**Task objective**
All of the entries below need to be repeated exactly.

**Provided information**
- - -

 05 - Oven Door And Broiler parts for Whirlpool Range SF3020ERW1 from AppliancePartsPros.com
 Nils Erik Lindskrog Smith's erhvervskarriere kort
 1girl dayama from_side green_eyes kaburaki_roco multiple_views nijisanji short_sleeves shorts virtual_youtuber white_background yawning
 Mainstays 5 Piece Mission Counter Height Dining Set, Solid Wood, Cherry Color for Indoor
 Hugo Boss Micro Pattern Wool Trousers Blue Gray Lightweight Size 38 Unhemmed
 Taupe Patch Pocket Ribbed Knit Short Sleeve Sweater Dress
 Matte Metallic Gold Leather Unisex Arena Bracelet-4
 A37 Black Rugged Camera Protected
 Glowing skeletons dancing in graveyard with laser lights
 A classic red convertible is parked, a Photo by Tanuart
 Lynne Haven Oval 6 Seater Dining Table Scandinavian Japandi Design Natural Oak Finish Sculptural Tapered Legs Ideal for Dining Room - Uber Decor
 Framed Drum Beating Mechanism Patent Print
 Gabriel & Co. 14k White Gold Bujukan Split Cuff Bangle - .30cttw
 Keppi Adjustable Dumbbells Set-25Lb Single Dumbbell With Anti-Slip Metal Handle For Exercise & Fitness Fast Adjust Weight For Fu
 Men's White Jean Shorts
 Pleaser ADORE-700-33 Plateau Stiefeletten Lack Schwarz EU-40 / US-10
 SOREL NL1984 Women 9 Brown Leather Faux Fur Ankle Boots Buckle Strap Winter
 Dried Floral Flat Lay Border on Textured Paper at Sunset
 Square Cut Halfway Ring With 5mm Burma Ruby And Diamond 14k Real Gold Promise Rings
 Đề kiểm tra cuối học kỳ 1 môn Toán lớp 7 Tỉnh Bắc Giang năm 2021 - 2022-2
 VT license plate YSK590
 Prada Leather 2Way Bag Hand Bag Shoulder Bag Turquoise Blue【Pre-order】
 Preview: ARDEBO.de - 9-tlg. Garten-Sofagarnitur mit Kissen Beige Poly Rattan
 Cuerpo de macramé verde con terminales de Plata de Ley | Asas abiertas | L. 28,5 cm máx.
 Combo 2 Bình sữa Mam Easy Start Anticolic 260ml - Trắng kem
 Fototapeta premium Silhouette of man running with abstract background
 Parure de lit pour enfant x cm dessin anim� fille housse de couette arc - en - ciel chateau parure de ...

- - -

**Final answer**
 05 - Oven Door And Broiler parts for Whirlpool Range SF3020ERW1 from AppliancePartsPros.com
 Nils Erik Lindskrog Smith's erhvervskarriere kort
 1girl dayama from_side green_eyes kaburaki_roco multiple_views nijisanji short_sleeves shorts virtual_youtuber white_background yawning
 Mainstays 5 Piece Mission Counter Height Dining Set, Solid Wood, Cherry Color for Indoor
 Hugo Boss Micro Pattern Wool Trousers Blue Gray Lightweight Size 38 Unhemmed
 Taupe Patch Pocket Ribbed Knit Short Sleeve Sweater Dress
 Matte Metallic Gold Leather Unisex Arena Bracelet-4
 A37 Black Rugged Camera Protected
 Glowing skeletons dancing in graveyard with laser lights
 A classic red convertible is parked, a Photo by Tanuart
 Lynne Haven Oval 6 Seater Dining Table Scandinavian Japandi Design Natural Oak Finish Sculptural Tapered Legs Ideal for Dining Room - Uber Decor
 Framed Drum Beating Mechanism Patent Print
 Gabriel & Co. 14k White Gold Bujukan Split Cuff Bangle - .30cttw
 Keppi Adjustable Dumbbells Set-25Lb Single Dumbbell With Anti-Slip Metal Handle For Exercise & Fitness Fast Adjust Weight For Fu
 Men's White Jean Shorts
 Pleaser ADORE-700-33 Plateau Stiefeletten Lack Schwarz EU-40 / US-10
 SOREL NL1984 Women 9 Brown Leather Faux Fur Ankle Boots Buckle Strap Winter
 Dried Floral Flat Lay Border on Textured Paper at Sunset
 Square Cut Halfway Ring With 5mm Burma Ruby And Diamond 14k Real Gold Promise Rings
 Đề kiểm tra cuối học kỳ 1 môn Toán lớp 7 Tỉnh Bắc Giang năm 2021 - 2022-2
 VT license plate YSK590
 Prada Leather 2Way Bag Hand Bag Shoulder Bag Turquoise Blue【Pre-order】
 Preview: ARDEBO.de - 9-tlg. Garten-Sofagarnitur mit Kissen Beige Poly Rattan
 Cuerpo de macramé verde con terminales de Plata de Ley | Asas abiertas | L. 28,5 cm máx.
 Combo 2 Bình sữa Mam Easy Start Anticolic 260ml - Trắng kem
 Fototapeta premium Silhouette of man running with abstract background
 Parure de lit pour enfant x cm dessin anim� fille housse de couette arc - en - ciel chateau parure de ...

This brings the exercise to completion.